- WORK REQUIRED:
Would you please retype, exactly, the lines of the listing below between the line with "5BZAF0AA4HN850383 - 2017" and the line with "Finesse-it™ 051111-51158 02637", inclusive?

- THE DATA:

....

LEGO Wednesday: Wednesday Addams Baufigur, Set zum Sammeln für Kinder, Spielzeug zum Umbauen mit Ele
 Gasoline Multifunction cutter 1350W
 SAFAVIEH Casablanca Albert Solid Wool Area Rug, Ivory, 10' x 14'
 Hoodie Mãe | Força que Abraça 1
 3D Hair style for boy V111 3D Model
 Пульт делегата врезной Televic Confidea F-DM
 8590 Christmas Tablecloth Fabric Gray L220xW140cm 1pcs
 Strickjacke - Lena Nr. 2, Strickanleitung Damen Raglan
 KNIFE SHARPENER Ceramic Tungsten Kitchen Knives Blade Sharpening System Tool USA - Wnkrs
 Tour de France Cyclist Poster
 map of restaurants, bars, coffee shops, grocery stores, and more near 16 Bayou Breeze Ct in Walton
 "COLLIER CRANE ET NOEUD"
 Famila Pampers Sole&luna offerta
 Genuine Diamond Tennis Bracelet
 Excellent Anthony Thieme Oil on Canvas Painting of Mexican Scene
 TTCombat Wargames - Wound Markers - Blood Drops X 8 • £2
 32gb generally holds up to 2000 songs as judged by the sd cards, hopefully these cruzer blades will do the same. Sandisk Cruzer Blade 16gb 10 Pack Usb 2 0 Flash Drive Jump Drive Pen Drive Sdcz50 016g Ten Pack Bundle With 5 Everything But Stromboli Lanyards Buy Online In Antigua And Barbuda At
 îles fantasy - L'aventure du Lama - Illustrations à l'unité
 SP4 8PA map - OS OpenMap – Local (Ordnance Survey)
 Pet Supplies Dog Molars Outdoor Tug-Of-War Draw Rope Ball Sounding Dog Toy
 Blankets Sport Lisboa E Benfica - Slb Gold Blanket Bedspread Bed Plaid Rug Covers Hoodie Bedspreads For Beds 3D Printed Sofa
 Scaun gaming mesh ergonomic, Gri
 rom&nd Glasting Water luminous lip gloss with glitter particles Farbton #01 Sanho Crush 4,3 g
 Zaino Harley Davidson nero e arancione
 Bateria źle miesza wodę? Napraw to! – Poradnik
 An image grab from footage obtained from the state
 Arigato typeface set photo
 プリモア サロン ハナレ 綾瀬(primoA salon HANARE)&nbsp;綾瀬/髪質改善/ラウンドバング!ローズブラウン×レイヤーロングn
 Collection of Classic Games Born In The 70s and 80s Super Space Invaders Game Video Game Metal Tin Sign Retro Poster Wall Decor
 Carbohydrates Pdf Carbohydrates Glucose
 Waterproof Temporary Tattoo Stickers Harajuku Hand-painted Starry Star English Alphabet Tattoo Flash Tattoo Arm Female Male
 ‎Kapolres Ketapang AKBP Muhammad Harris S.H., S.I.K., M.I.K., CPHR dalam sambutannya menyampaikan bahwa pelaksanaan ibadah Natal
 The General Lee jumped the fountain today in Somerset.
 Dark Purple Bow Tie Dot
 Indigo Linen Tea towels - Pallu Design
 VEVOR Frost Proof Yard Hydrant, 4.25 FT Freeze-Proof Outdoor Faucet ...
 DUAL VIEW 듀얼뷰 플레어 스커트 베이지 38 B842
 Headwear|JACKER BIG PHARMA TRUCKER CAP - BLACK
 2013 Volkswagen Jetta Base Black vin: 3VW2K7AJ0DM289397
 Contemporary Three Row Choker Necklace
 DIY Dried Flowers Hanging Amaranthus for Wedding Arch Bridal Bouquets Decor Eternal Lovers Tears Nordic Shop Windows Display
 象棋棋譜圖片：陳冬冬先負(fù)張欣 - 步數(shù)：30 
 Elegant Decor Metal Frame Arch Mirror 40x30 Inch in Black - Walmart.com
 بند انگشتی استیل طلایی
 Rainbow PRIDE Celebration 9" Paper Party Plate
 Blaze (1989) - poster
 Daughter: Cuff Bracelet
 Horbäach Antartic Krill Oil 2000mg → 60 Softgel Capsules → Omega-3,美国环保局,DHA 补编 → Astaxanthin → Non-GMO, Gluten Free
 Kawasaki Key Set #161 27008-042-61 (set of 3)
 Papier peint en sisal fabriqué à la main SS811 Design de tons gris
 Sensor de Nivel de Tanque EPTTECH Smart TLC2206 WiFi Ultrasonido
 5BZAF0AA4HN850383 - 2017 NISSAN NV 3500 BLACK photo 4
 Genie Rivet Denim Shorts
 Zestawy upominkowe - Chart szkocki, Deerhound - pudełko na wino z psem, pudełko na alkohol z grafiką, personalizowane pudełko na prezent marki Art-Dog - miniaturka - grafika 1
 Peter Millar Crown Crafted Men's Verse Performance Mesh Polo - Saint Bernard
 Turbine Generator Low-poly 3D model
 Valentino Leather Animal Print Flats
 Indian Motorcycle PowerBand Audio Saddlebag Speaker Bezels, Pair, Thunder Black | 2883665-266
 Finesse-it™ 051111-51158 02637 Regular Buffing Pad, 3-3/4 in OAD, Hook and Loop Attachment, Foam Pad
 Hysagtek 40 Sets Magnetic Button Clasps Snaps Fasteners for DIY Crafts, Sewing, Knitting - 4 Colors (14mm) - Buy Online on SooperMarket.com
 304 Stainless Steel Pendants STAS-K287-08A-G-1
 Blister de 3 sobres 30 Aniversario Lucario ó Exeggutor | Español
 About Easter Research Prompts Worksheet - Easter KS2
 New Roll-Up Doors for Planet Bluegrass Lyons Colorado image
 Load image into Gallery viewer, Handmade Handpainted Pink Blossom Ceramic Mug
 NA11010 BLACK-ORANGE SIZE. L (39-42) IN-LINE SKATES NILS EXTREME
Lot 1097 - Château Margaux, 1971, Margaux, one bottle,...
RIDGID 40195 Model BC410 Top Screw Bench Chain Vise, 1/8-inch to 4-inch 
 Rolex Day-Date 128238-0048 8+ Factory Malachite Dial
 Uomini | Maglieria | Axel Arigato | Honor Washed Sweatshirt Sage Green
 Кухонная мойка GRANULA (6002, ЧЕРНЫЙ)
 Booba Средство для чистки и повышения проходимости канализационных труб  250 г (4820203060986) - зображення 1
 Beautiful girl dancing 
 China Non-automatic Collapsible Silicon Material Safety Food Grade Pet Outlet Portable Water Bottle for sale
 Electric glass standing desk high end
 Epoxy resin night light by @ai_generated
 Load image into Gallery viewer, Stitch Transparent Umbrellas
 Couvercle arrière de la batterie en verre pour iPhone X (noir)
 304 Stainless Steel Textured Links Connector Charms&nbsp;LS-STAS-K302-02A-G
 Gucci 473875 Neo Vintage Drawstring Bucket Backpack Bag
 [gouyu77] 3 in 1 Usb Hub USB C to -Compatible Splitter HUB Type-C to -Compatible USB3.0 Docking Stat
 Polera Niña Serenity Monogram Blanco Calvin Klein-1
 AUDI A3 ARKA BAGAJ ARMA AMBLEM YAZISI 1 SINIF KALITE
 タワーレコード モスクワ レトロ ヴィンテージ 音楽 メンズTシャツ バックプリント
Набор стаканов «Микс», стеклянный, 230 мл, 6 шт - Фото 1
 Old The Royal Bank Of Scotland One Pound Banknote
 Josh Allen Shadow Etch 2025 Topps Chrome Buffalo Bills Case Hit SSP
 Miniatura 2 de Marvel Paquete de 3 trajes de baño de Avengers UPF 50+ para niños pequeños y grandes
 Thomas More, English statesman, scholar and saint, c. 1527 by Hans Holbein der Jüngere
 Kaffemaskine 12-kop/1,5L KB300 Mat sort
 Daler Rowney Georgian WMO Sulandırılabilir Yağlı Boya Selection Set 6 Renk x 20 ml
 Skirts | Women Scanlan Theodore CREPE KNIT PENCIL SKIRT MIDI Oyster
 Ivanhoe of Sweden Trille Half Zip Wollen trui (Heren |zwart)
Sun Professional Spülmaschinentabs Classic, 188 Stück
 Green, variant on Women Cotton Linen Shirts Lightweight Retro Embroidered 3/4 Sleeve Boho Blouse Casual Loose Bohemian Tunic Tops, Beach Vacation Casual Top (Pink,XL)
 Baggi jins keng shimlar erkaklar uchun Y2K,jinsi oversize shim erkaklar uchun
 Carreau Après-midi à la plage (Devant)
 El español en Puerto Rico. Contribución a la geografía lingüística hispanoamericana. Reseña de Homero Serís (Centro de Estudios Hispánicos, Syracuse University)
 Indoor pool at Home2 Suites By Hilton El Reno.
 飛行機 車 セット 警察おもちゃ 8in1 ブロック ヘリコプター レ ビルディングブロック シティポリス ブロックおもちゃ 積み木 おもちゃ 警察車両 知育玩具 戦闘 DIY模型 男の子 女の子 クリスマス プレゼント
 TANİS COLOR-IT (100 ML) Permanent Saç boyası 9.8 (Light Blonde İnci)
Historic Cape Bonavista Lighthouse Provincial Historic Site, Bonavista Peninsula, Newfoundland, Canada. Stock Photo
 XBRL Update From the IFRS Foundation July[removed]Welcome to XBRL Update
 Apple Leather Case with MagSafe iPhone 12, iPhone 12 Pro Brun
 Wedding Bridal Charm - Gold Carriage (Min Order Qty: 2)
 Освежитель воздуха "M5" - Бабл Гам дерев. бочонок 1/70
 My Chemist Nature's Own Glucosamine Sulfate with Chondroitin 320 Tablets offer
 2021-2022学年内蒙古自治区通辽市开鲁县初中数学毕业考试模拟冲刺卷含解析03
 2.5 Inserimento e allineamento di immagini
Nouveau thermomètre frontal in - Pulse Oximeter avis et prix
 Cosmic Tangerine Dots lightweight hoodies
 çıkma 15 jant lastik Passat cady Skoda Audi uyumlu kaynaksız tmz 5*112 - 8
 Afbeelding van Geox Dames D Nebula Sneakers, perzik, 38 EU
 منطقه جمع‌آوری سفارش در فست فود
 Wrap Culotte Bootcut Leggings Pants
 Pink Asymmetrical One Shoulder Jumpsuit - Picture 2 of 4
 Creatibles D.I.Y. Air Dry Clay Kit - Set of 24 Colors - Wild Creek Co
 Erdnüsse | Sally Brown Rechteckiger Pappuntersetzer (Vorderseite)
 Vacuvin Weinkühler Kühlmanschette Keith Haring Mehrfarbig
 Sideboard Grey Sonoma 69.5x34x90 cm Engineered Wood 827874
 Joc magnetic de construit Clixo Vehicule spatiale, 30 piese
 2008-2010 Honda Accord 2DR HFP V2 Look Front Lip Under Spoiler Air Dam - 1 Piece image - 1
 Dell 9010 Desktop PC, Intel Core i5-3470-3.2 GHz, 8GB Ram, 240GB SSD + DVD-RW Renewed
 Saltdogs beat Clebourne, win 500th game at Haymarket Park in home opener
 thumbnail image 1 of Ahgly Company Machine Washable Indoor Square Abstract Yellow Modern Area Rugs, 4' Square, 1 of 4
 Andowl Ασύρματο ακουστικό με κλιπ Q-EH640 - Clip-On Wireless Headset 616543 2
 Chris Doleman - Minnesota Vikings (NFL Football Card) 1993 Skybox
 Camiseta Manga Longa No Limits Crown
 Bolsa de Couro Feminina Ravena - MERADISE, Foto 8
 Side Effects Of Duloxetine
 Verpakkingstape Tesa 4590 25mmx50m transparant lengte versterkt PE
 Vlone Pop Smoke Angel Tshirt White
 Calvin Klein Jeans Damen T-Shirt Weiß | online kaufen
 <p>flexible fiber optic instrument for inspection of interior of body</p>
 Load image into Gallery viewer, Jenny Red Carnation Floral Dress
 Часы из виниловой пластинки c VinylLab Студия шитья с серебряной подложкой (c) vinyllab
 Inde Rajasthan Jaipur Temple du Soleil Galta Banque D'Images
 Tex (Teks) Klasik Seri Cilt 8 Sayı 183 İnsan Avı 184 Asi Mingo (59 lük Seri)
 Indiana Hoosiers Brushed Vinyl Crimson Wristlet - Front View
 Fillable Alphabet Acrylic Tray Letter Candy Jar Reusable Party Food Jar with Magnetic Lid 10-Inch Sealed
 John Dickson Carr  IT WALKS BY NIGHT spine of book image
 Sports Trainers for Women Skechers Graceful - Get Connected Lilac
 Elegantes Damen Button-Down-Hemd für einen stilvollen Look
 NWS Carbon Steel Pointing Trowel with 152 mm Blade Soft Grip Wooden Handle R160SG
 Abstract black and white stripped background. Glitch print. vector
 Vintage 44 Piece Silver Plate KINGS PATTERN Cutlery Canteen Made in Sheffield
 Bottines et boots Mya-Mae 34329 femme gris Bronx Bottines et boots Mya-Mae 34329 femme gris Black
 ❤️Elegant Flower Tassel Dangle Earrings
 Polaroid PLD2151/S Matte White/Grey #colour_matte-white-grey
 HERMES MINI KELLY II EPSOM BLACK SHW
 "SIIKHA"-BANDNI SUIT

....

- PROBLEM SOLUTION:
 5BZAF0AA4HN850383 - 2017 NISSAN NV 3500 BLACK photo 4
 Genie Rivet Denim Shorts
 Zestawy upominkowe - Chart szkocki, Deerhound - pudełko na wino z psem, pudełko na alkohol z grafiką, personalizowane pudełko na prezent marki Art-Dog - miniaturka - grafika 1
 Peter Millar Crown Crafted Men's Verse Performance Mesh Polo - Saint Bernard
 Turbine Generator Low-poly 3D model
 Valentino Leather Animal Print Flats
 Indian Motorcycle PowerBand Audio Saddlebag Speaker Bezels, Pair, Thunder Black | 2883665-266
 Finesse-it™ 051111-51158 02637 Regular Buffing Pad, 3-3/4 in OAD, Hook and Loop Attachment, Foam Pad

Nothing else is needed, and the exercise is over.